Given this evidence, the hypothesis that the exit poll discrepancy was evidence of fraud (or at least systematic error in the count favoring Republicans) requires one to accept that:
- Such fraud or systematic error has been ongoing and otherwise undetected since 1988.
- The fraud or errors extend to all forms of automated voting equipment used in the U.S.
- Greater than average errors in New Hampshire in 2004 somehow eluded a hand recount of the paper ballots used in optical scan voting in precincts specifically chosen because of suspected anomalies.
Add it all up and “plausibility” argues that exit poll discrepancy is a problem with the poll, not a problem with the count. Yes, Edison-Mitofsky proposed a theory to explain the discrepancy (Kerry voters were more willing to be interviewed than Bush voters) that they cannot conclusively prove. However, the absence of such proof does not somehow equate to evidence of vote fraud, especially in light of the other empirical evidence.

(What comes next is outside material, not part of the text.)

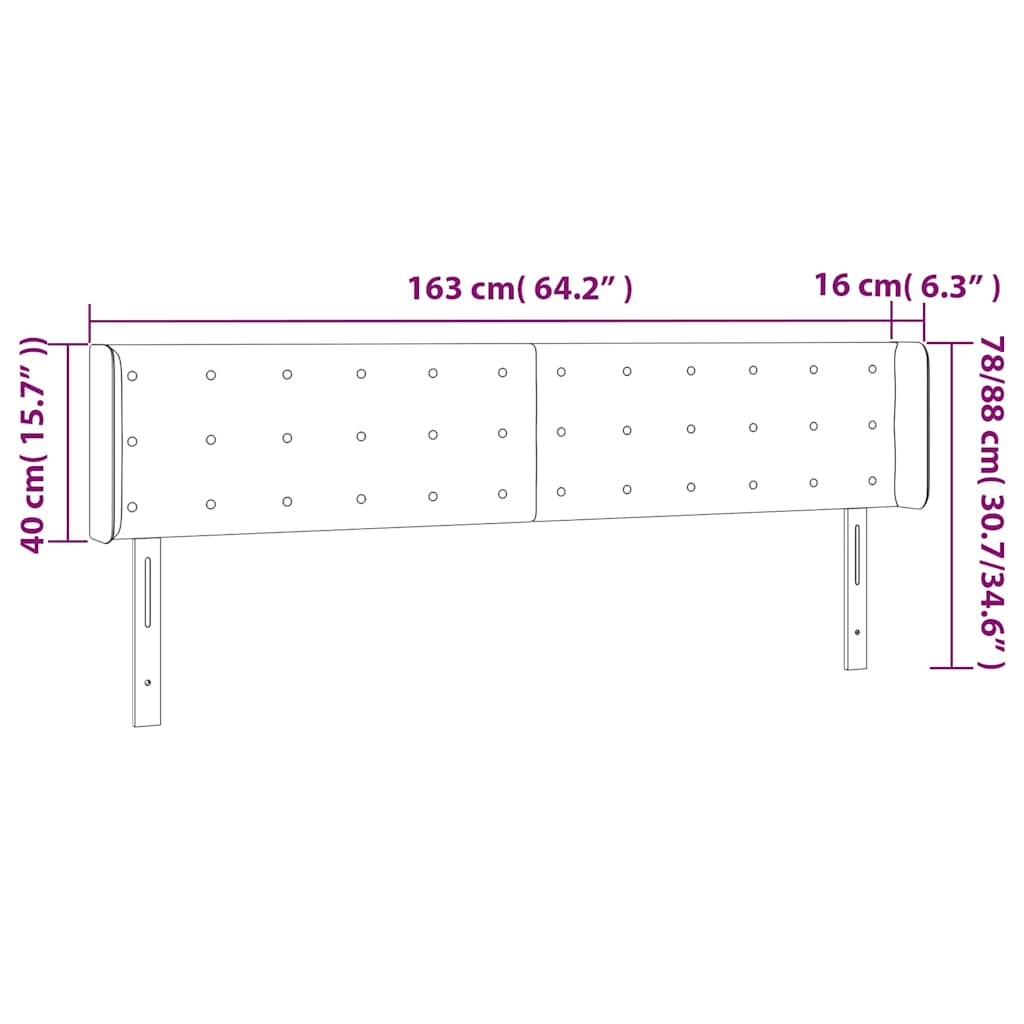 LED Kopfteil Dunkelgrün 163x16x78/88 cm Samt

Of course, this conclusion does not preclude the possibility that some fraud was perpetuated somewhere. Any small scale fraud would have not been large enough to be detected by the exit polls, however, even it if amounted to a shift of a percentage point or two in a statewide vote tally. The sampling error in the exit polls makes them a “blunt instrument,” too blunt to detect such small discrepancies. Again, the question we are considering is not whether fraud existed but whether the exit polls are evidence of fraud.
You don’t need to take my word on it. After the
release of the Edison-Mitofsky report, the non-partisan social scientists in the National Research Commission on Elections and
Voting in
the NRCEV examined the exit poll data and concluded (p. 3):
Discrepancies between early exit poll results and
popular vote tallies in several states may have been due to a variety
of factors and did not constitute prima facie evidence for fraud in the current election.

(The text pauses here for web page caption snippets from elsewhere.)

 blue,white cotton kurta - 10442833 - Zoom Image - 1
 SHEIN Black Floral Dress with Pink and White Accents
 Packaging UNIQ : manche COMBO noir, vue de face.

[4/18 & 4/19 – Minor typos and grammer corrected, links added]
Mark, if I can add something regarding the apparent Presidential/Senate discrepancies.
I know this is going to get jumbled, but try to follow the data from Survey USA.
Pres Senate
State B-K Rep-Dem Swing
Colorado 3% -4% 7%
Arkansas 4% -6% 10%
Pennsylvania -1% 18% 19%
Washington -4% 6% 10%
California -11% -21% 10%
Florida 1% 0% 1%
Ohio 2% 28% 26%
Missouri 5% 19% 14%
North Carolina 8% 5% 3%
South Carolina 11% 11% 0%
Kentucky 21% 9% 12%
Oklahoma 30% 9% 21%
Georgia 12% 16% 4%
Indiana 19% -27% 46%
Illinois -12% -39% 27%
These data clearly suggest that there was A LOT of ticket splitting going on in the 2004 elections.
Now consider Febble’s analysis (and now Appendix B of the USCV study) that demonstrates that WPE is not a pure measure of bias and is confounded by the partisanship of the vote. Since the actual tickets were split as *strongly* suggested by the pre-election polling, the WPE for Senate would not match the presidential WPE.
I should clarify: It is not *likely* that the WPE for Senate would match the presidential WPE. To know for sure, E-M would have to apply febble’s variable to the precinct level WPEs for both the Senate race and the US Presidential race.
But even then, I don’t think it would be a useful measure for comparison. In states where ticket splitting was very common (I suggest all the states I list above except for Florida, the Carolinas, and Georgia), there is too much noise to draw any real conclusions.
Assume that Kerry voters are oversampled at a ratio of 1.5:1. How can we know if oversampled Kerry voters split their tickets? How do we know if a Democrat who voted for Bush did not split her/his ticket? That is, “bias” is measured by oversampling of supporters of one candidate over another. Just because there was “bias” in the presidential exit poll, doesn’t mean that there will also be bias in the Senate exit poll.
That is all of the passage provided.